The local soil is acidic, subject to flooding and has, in recent years, been well cultivated. All these conditions would serve to dissolve or incorporate into the soil any bones that were left on the site.
The zones of charcoal staining in the soil at a contextual level consistent with the period of the battle were identified near the beck in one of the places where digging is possible. Perhaps cremation was employed. Samples of the black seams found during the research were removed with an auger then washed and examined by eye for evidence of bone fragments. None were identified. So an early interpretation that this was the site of a funeral pyre was not pursued. A later interpretation suggests that these were pits in which charcoal was prepared for the metal workers. One cannot rule out cremation, but we have no evidence for it at Fulford.
Cremation was not an unknown method of disposing of bodies. The site of Heath Wood, Ingleby, near Repton, was excavated by Julian D Richards of the University of York. The cemetery comprised 59 barrows covering the site of a funeral pyre. ‘Sacrificial offerings’ of animals were associated with this site, which can be dated to at least a century before the battle.
Near to the battle site on Lamel Hill, excavations in 1848 by John Thurnam revealed the remains of 200-300 bodies. These were believed to be positioned beside the road running from York to Derventio. Among the bones examined at the time, only a single skull showed any weapon injury which would rule this out as a battle cemetery. The dating suggests this was a post Roman to Anglian burial site. The cemetery was more extensive until the site was used for a gun emplacement in 1644 during the Civil War siege of York. The human remains that were disturbed by this work were concentrated in the mound. This mound was subsequently used as a hill for a windmill.
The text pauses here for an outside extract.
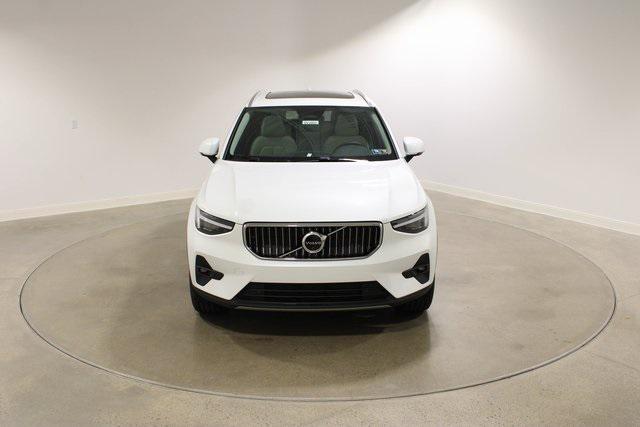 new 2025 Volvo XC40 car, priced at $49,790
Other reports on excavations of various other tumuli found south and east of York were investigated through the pages of the Yorkshire Philosophical Society. One report by William Procter in 1849 produced 150 or more bodies from a barrow known locally as ‘Danes Graves’, 3 miles north of Driffield, when it was opened in August of that year.
Similarly named tumuli on Skipwith Common revealed that there were no bones in any of the barrows. These lie along a route that might have suggested itself for those rushing to reinforce King Harald when he was isolated from his base at Riccall five days after the battle at Fulford.
Technology might in the future offer the prospect of extracting more information from the environment. Several sites in Scandinavia where long-term occupation was suspected have yielded excellent 'maps' of human activity when subject to the sort of phosphate analysis used in agriculture. DNA and fatty-acids can now be detected and multiplied for analysis when found in minute and degraded samples. It would therefore be sensible to remove and conserve a significant set of samples for future and further analysis by future tools and techniques. Whether samples from a matrix or a more focused sampling would be the best approach is a matter that needs further debate.
The fate of the bodies at Fulford is likely to remain a mystery. Since burial was impractical, and removing bodies from the site for disposal elsewhere is not mentioned in ancient or modern conflict history, it is assumed that the bodies were gathered when any material was stripped. Whether they were covered or cremated, the natural processes would have quickly dispersed the remains.